Saturday, March 09, 2013

Talking up child poverty

Talking up child poverty is not an unusual practice. But it normally comes from the mouths of any number of people who make their living  documenting or advocating as part of the ' child poverty industry'.

An opinion piece in the NZ Herald earlier this week by the former head of Telstra Clear, exhorted business to get more involved in solving the social problems of NZ children:

Let's look at the facts. Today, a quarter of children live in poverty in New Zealand. That means going without a doctor, good food, shoes, raincoats and decent housing. If you look at Pasifika children, that statistic rises to 51 per cent; and more than half of Maori families are dependent on benefit incomes.


Firstly, Mr Freeth has defined living in poverty by the 'reduced living standards measure' which is where his 51 percent of Pasifika children comes from - MSD's  2008 Living Standards Survey. So, 51 percent of Pasifika children experienced (or didn't as the case may be) 4 or more of the following

  • A good bed
  • Ability to keep main rooms adequately warm
  • Suitable clothes for important or special occasions
  • Home contents insurance
  • Presents for family and friends on special occasions
Economising ‘a lot’ (to keep down costs to help pay for other basics)
  • Continued wearing worn out clothing
  • Continued wearing worn out shoes
  • Went without or cut back on fresh fruit and vegetables
  • Bought cheaper or less meat than wanted
  • Postponed visits to the doctor
  • Did not pick up a prescription
  • Put up with feeling cold to save on heating costs
  • Went without or cut back on visits to family or friends
  • Did not go to a funeral (tangi) you wanted to
And there are other measures mentioned like not being able to have friends to a party of your own bedroom when aged 10 plus. It's all very subjective stuff. BUT experiencing reduced living standards does not condemn a child.

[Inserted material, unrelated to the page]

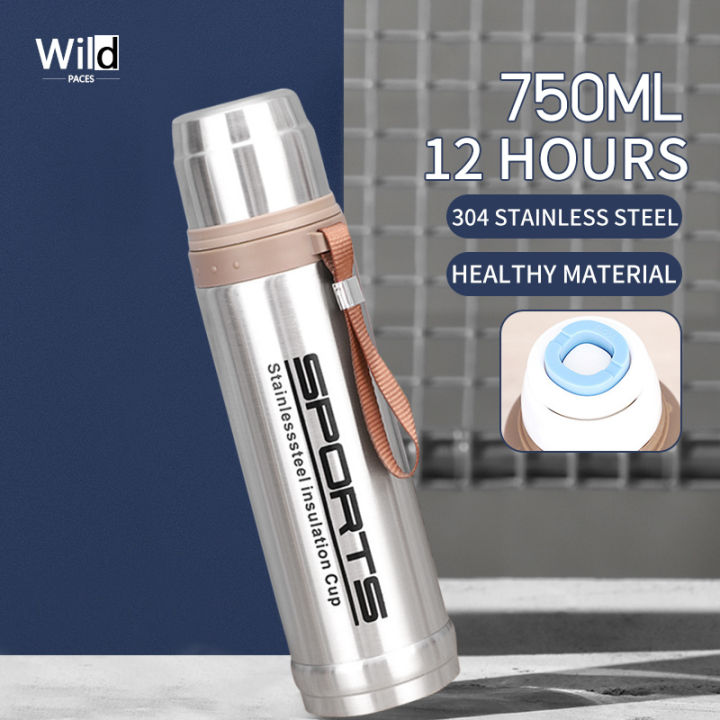 304 stainless steel vacuum thermos flask 750 large capacity bullet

Just for some balance, if the OECD measure of child poverty was used the percentage would immediately drop to around 12% of NZ children.

Then he says that, "More than half of Maori families are dependent on benefit incomes." Say what?

I'd be the first to agree that Maori are disproportionately dependent on welfare and it's not good for their children. But the percentage is not that high.

At December 2012 around 112,000 Maori received a main benefit. There were around 375,000 18-64 year-old Maori in 2012. So just on 30 percent of the Maori working age population receives a benefit.

The proportion for Maori single parents on a benefit is higher but even the highest age group - 20-29 - doesn't exceed half.

I have no idea where he got his statistic from.

Ironically later in the piece he writes:

Our statistics are not simply unacceptable, they are truly outrageous. They are beyond comprehension. And where, as business leaders, have we been, I wonder, as more and more reports are released showing more issues with children and youth health and welfare?
Probably getting on with their first priority - running a business - and feeling suspicious about media reports exaggerating child poverty.

1 comment:

JC said...

The thing that stood out for me was this comment:

"The challenge for business is not "should we?", but how far we can actually legitimately go to support programmes and activities using our shareholders' money?'"

I can think of a number of high profile criminal court cases where buisnessmen and women had a similar elastic view of shareholders money.

Also, I question his seriousness.. one of the things professional fund raisers told me over the years is that the "Wont somebody think of the children" approach doesn't work too well compared to the developed plan that says to the target business "This is what we can do for you".

The first approach is to sentiment using dodgy, boring or unverifiable facts and the second recognizes that diverting shareholder funds has to supply some sort of trade and benefit.. otherwise why would shareholders agree to it?, after all, shareholders have their own personal ideas and plans for charity too.